## Regular expressions inside Python are made available through the "re" module:

In [1]:
import re

### Note: It is recommended to use raw strings for the search:

In [44]:
## Use raw strings for the search pattern
a = '\tHello'
b = r'\tHello'
print(a)
print(b)

	Hello
\tHello


## Performing matches with compiled objects
**Once we have our pattern, we can search for this pattern in the text / string that we want to look up.**

**match():** Determine if the RE matches at the beginning of the string.

**search():** Scan through a string, looking for any location where this RE matches.

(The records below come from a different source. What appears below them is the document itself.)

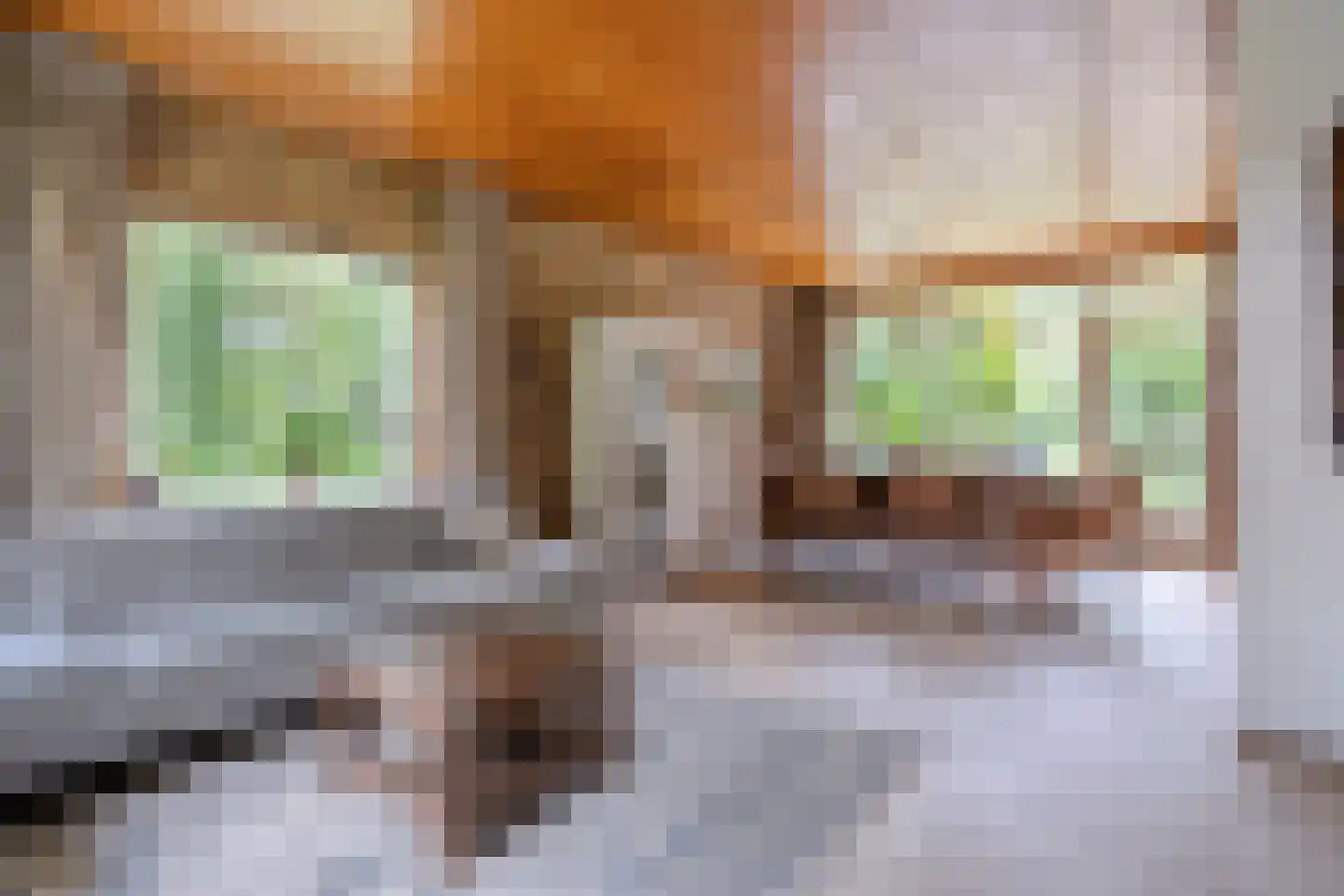 Brandemaatweg 6 Enschede thumbnail 6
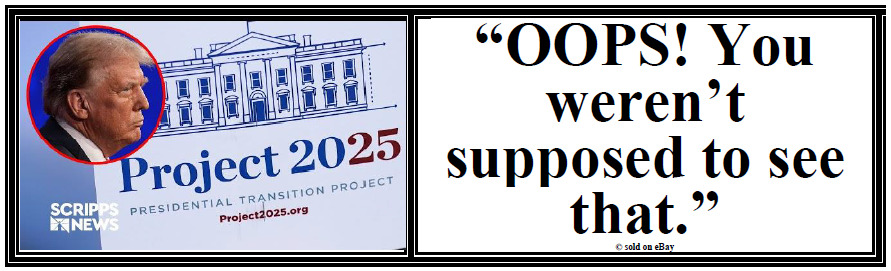 anti Trump: Project 2025 YOU WEREN'T SUPPOSED TO SEE THAT  political sticker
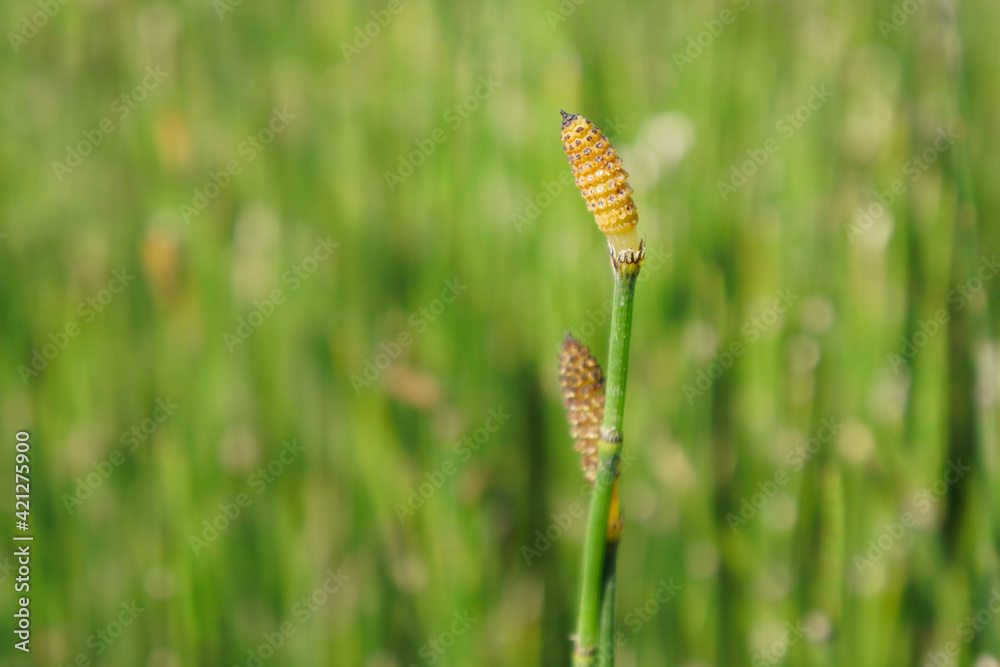 The beautiful Equisetum debile Roxb. ex Vaucher or the Horsetail plants in the garden The beautiful Equisetum debile Roxb. ex Vaucher or the Horsetail plants in the garden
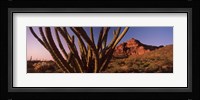 Organ Pipe cactus on a landscape, Organ Pipe Cactus National Monument, Arizona Fine Art Print
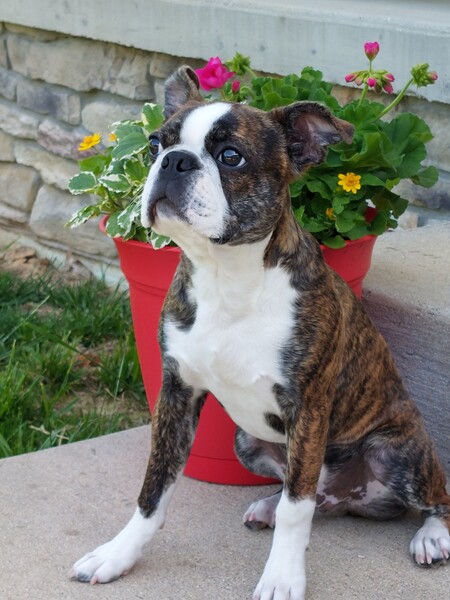 Entry image for Toby. Clicking this image will show a larger photo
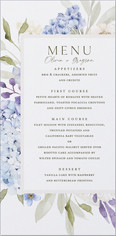Hydrangea Highlight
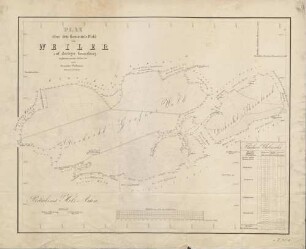 Plan über den Gemeinde-Wald von Weiler auf dortiger Gemarkung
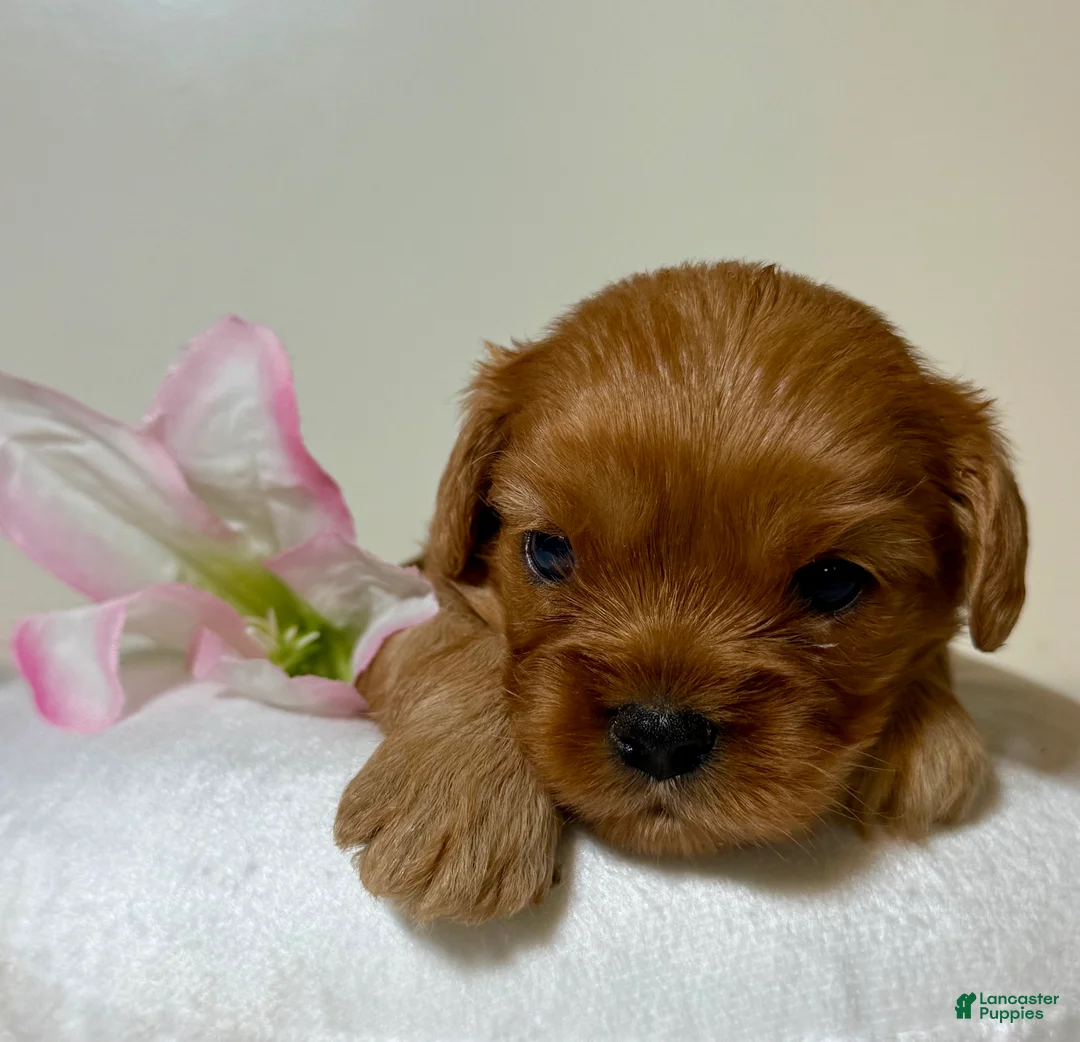 Cavapoo dogs for sale: Bubbles Cavapoo  - Ad 2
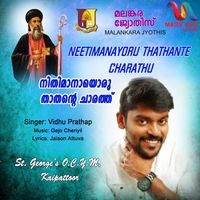 Vidhu Prathap - Neetimanayoru Thathante Charathu - Single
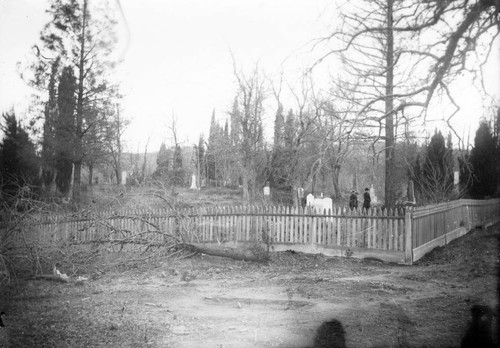 Shasta Cemetery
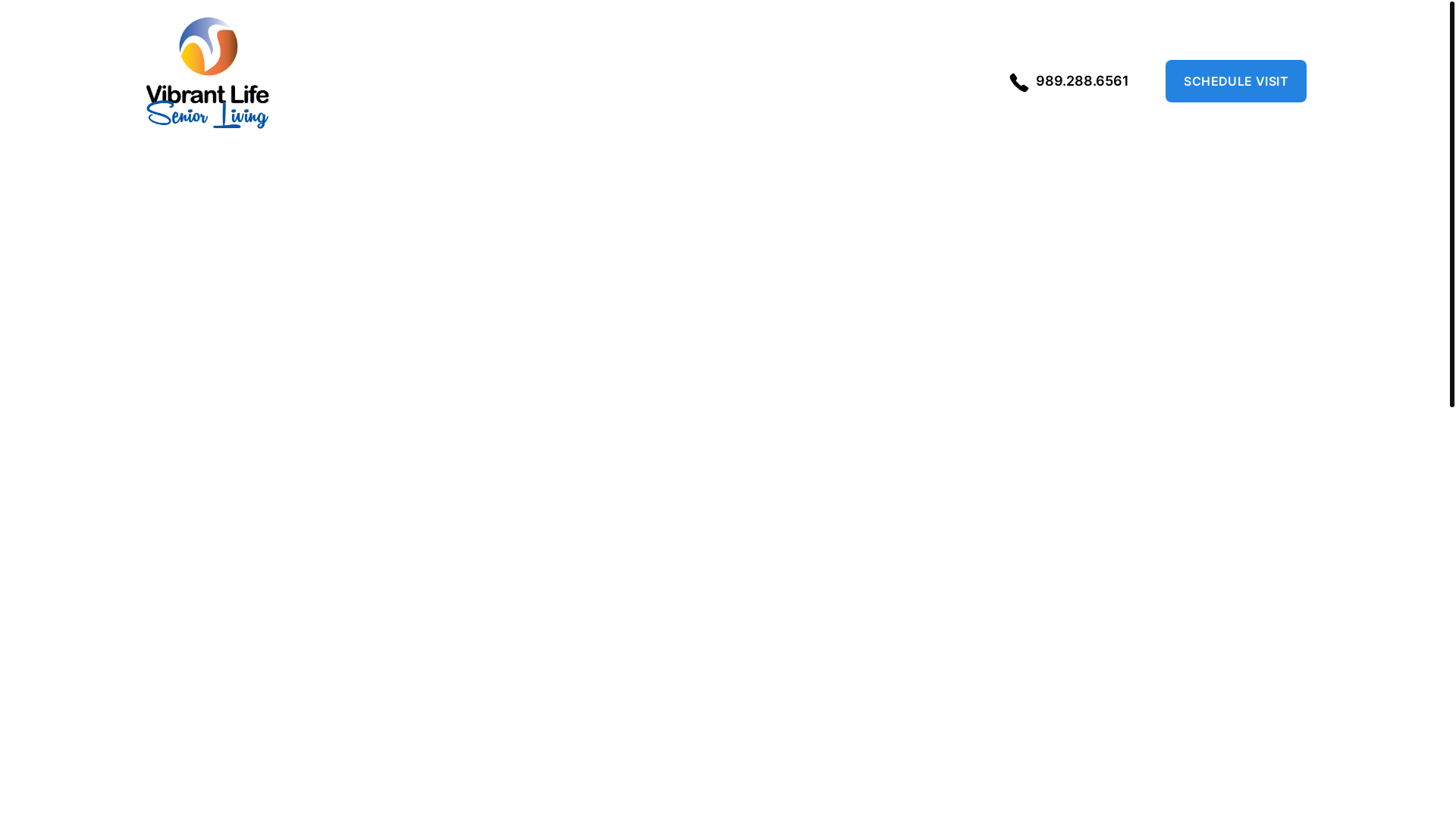 website screenshot of https://vibrant-life-landing-pages.pages.dev/
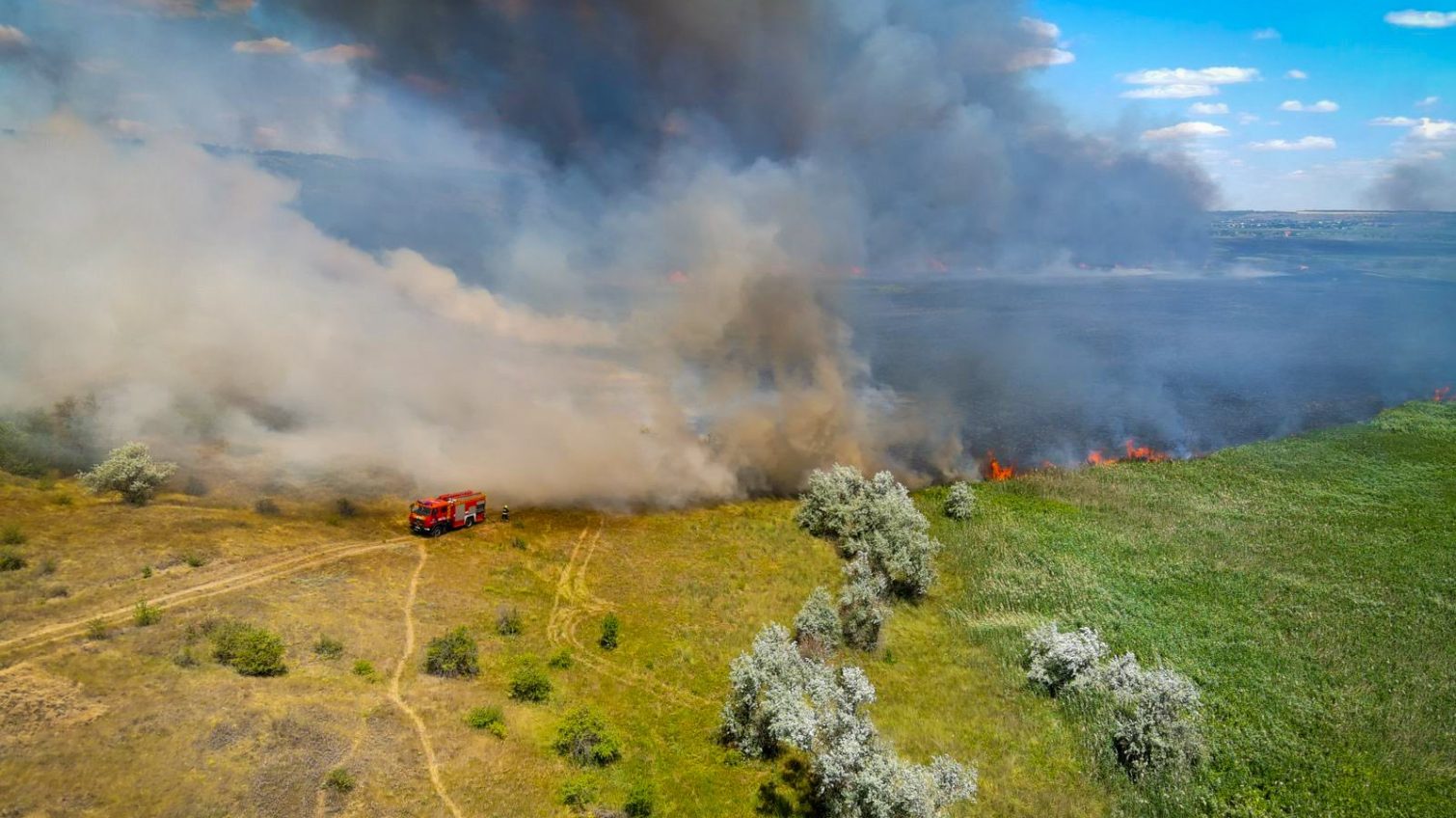 Дві масштабні пожежі на Одещині: вогонь ледь не дістався житлових будинків (фото) usionline.com Дві масштабні пожежі на Одещині: вогонь ледь не дістався житлових будинків (фото) «фото»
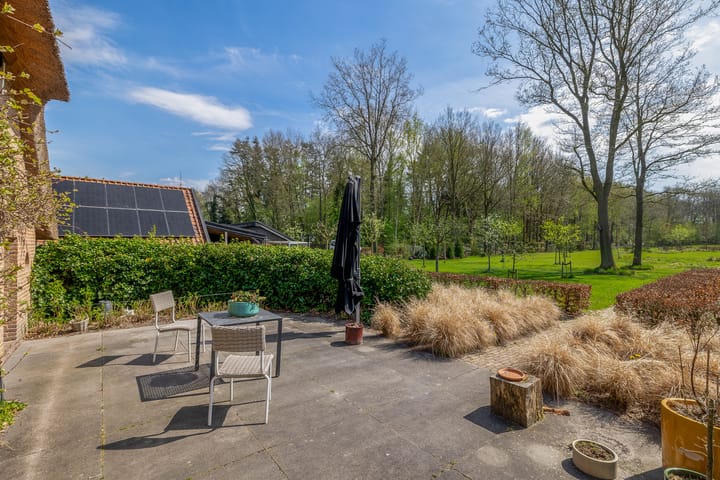 Foto 37 van Leeuwte 26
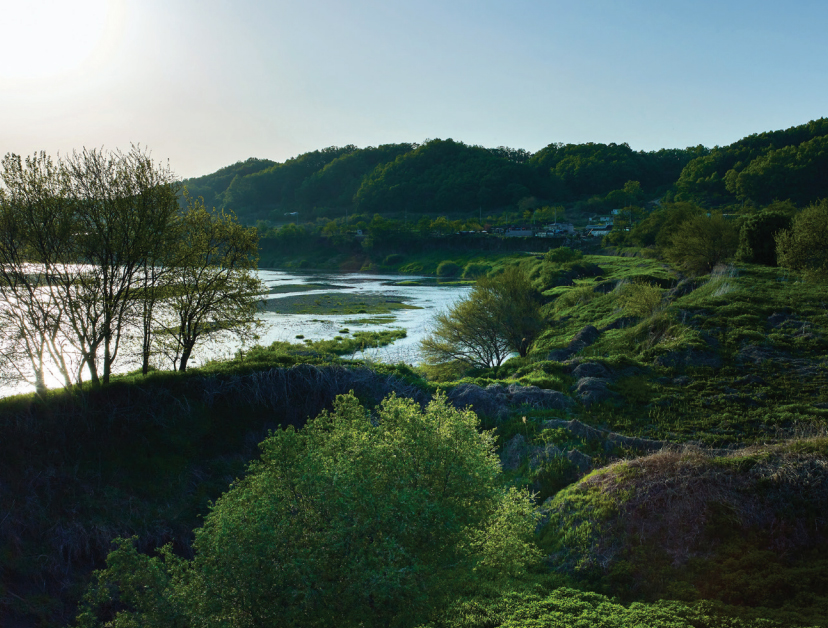 The DMZ has pristine, primeval forests.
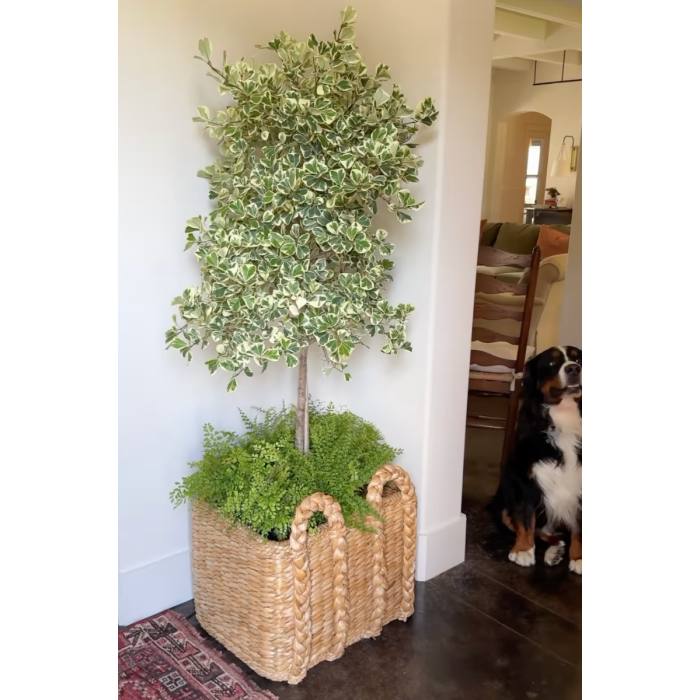 Basket in Natural-Brown by Jeid Studio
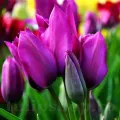 Bulbi Lalele Night Club (Tulip)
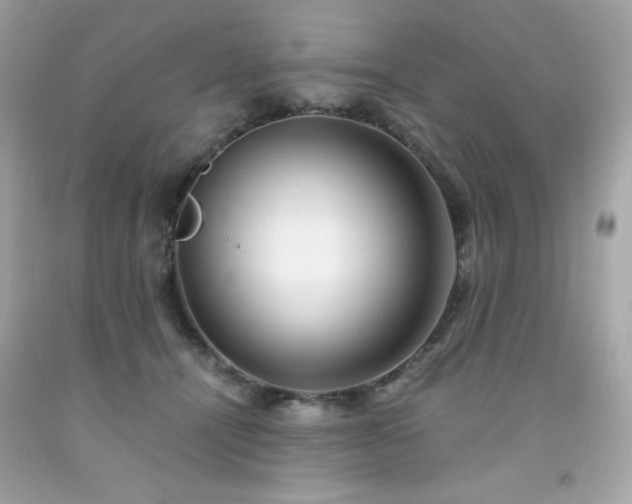 X0000091940464200709121622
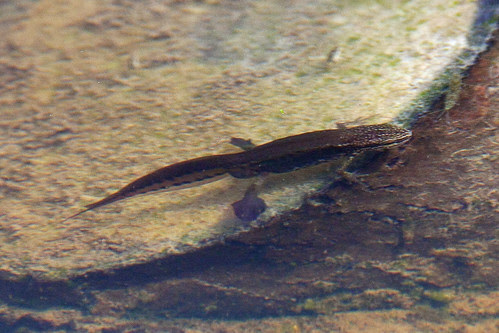 Palmate Newt (Lissotriton helveticus)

**findall():** Find all substrings where the RE matches, and returns them as a list.

**finditer():** Find all substrings where the RE matches, and returns them as an iterator.

In [45]:
my_string = 'abc123ABC123abc'

## finditer() - Find all substrings where the RE matches, and returns them as an iterator.

In [46]:
pattern = re.compile(r'123')
matches = pattern.finditer(my_string)
for match in matches:
    print(match)

<re.Match object; span=(3, 6), match='123'>
<re.Match object; span=(9, 12), match='123'>


## findall() - Find all substrings where the RE matches, and returns them as a list.

In [47]:
pattern = re.compile(r'123')
matches = pattern.findall(my_string)

print(matches)

for match in matches:
    print(match)

['123', '123']
123
123


## match() - Determine if the RE matches at the beginning of the string.

In [48]:
pattern = re.compile(r'123') 
# '123' is not in beginning, 'abc' is in beginning
match = pattern.match(my_string)
print(match)

None


## search() - Scan through a string, looking for any location where this RE matches.

In [49]:
match = pattern.search(my_string)
print(match)

<re.Match object; span=(3, 6), match='123'>


### Note: Methods can also be used directly on the re module. It does not make that much of a difference, but some people prefer explicitly precompiling and binding the pattern to a reusable variable.

In [53]:
matches = re.finditer(r'abc', my_string)

for match in matches:
    print(match)

<re.Match object; span=(0, 3), match='abc'>
<re.Match object; span=(12, 15), match='abc'>


## Methods on a Match object
**group():** Return the string matched by the RE

**start():** Return the starting position of the match

**end():** Return the ending position of the match

**span():** Return a tuple containing the (start, end) positions of the match

In [54]:
test_string = '123abc456789abc123ABC'

In [55]:
pattern = re.compile(r'abc')
matches = pattern.finditer(test_string)
for match in matches:
    print(match)
    print(match.span(), match.start(), match.end())
    print(match.group()) # returns the string

<re.Match object; span=(3, 6), match='abc'>
(3, 6) 3 6
abc
<re.Match object; span=(12, 15), match='abc'>
(12, 15) 12 15
abc


# Meta characters
**Metacharacters are characters with a special meaning:**
**All meta characters:** . ^ $ * + ? { } [ ] \ | ( )
### Meta characters need need to be escaped (with ) if we actually want to search for the char.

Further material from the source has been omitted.